Segment Open
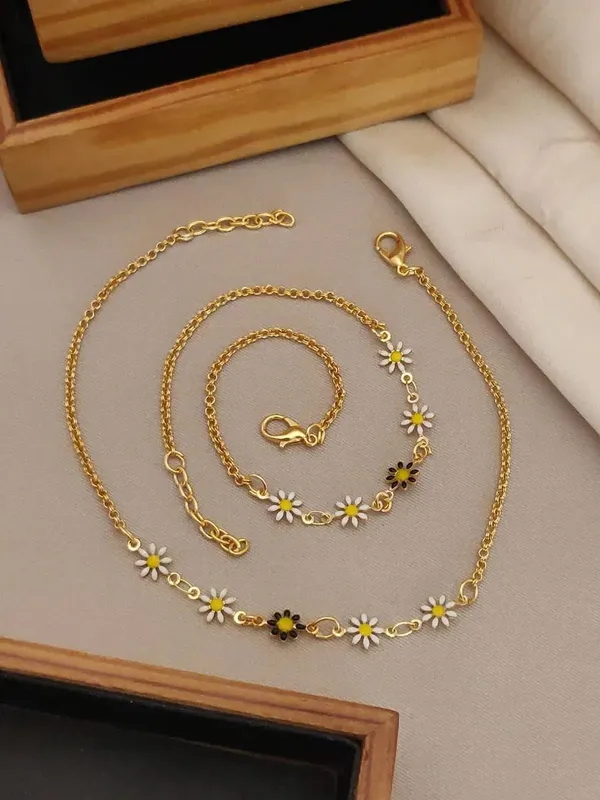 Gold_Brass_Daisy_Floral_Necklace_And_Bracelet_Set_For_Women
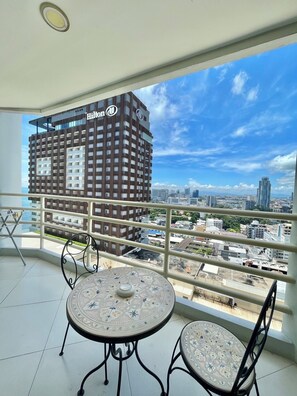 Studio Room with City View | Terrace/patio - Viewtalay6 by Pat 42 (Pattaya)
Segment Closed
Segment Open
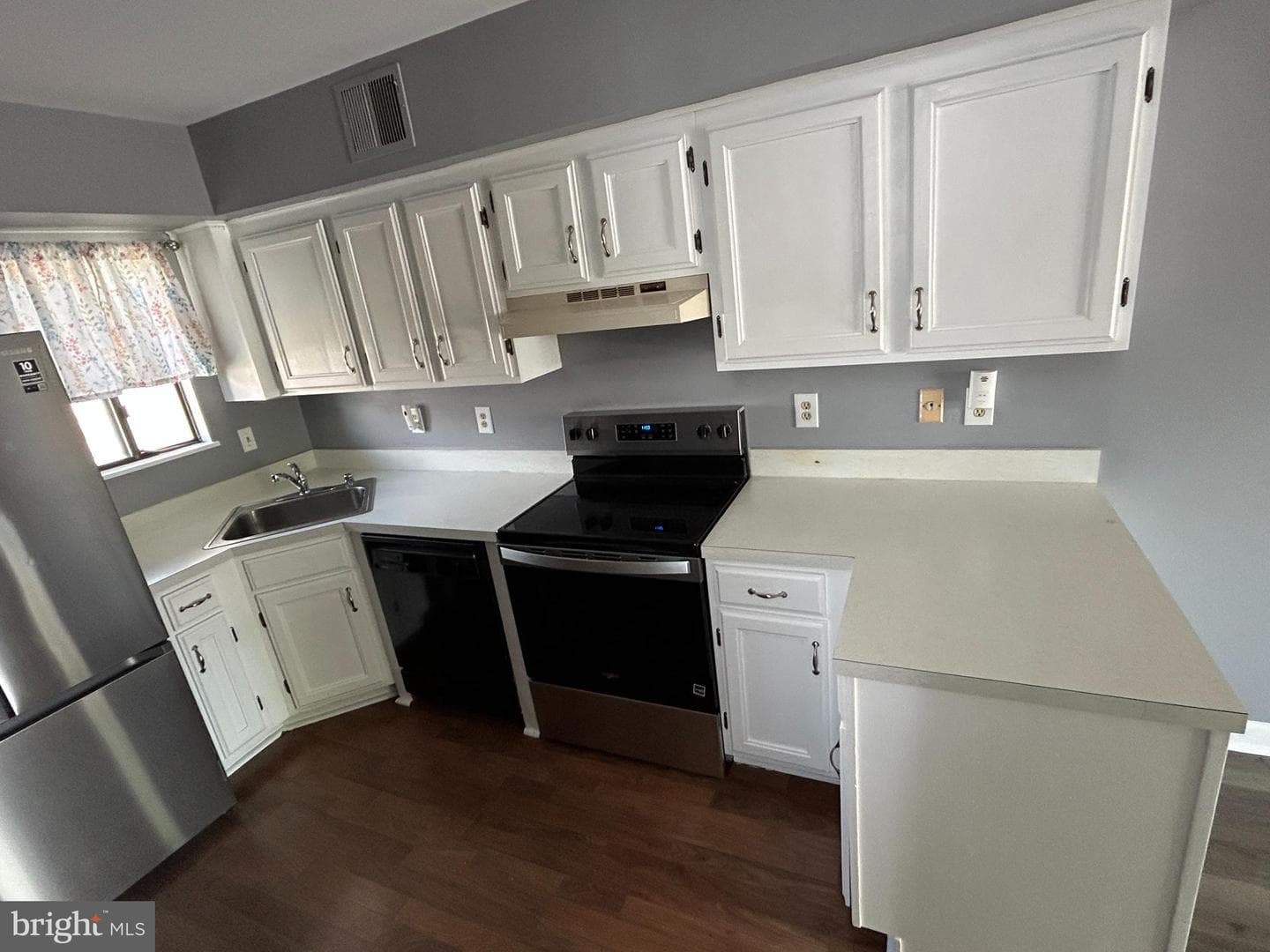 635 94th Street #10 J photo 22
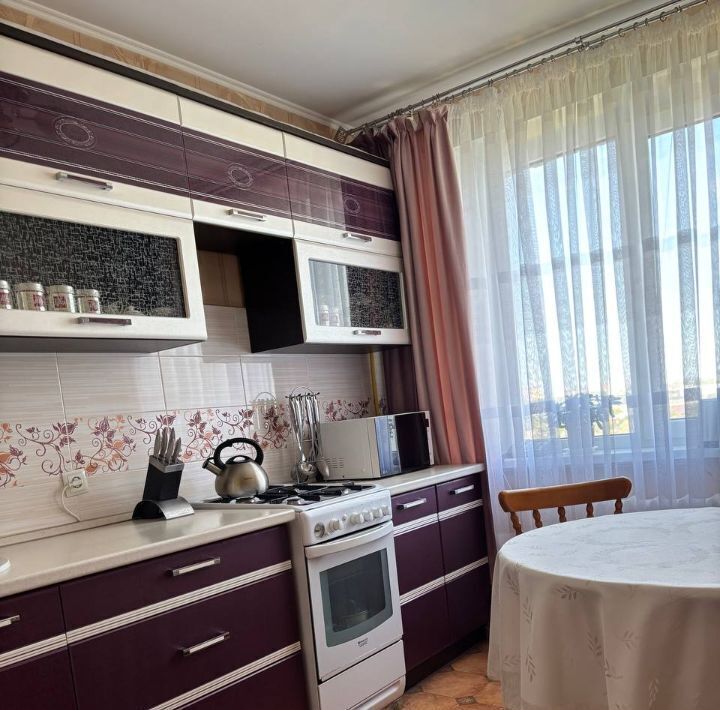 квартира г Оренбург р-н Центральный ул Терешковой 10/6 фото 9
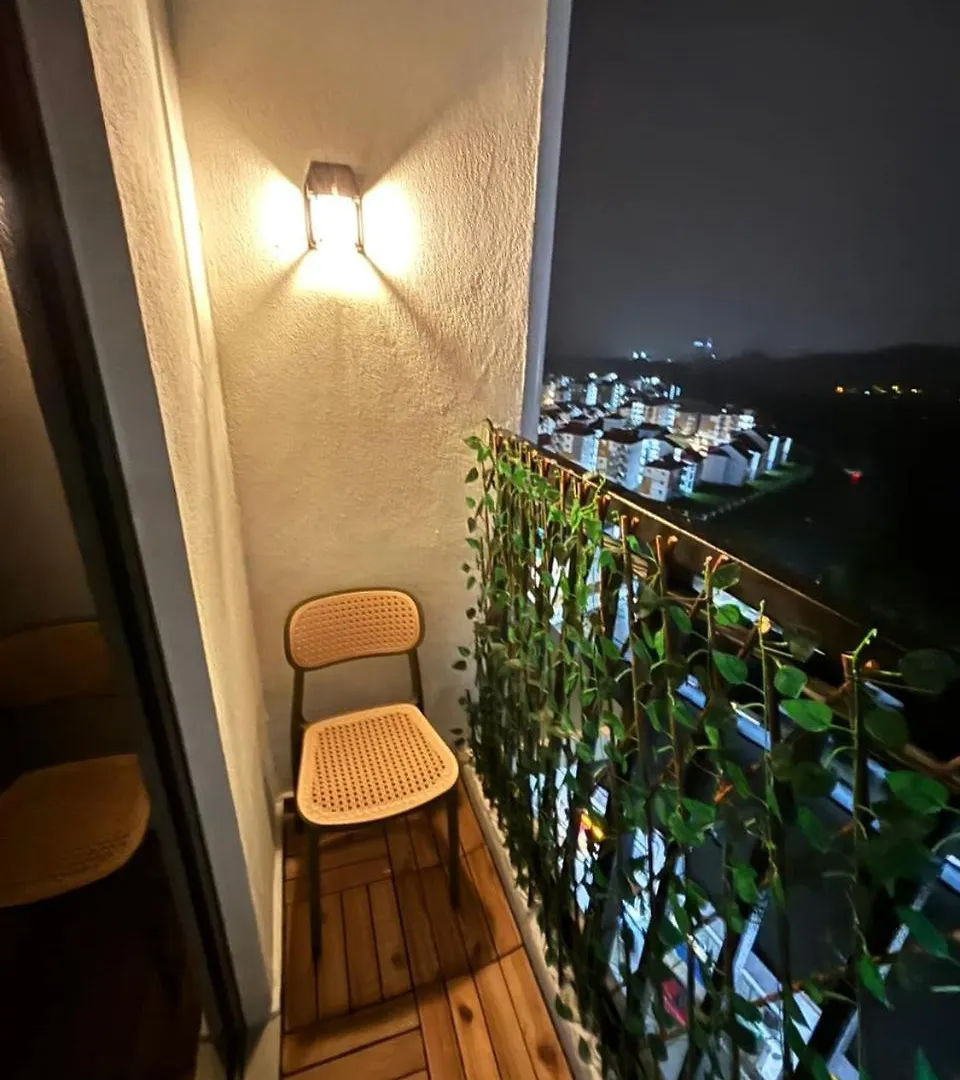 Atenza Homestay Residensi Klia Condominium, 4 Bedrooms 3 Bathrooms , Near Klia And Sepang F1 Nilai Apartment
Segment Closed
YOUR TASK: Within the listing above, find the line containing "635 94th Street #10 J photo 22" and the line containing "Atenza Homestay Residensi". Transcribe them and everything between them exactly, leaving out the pictures.

OUTPUT:
 635 94th Street #10 J photo 22
 квартира г Оренбург р-н Центральный ул Терешковой 10/6 фото 9
 Atenza Homestay Residensi Klia Condominium, 4 Bedrooms 3 Bathrooms , Near Klia And Sepang F1 Nilai Apartment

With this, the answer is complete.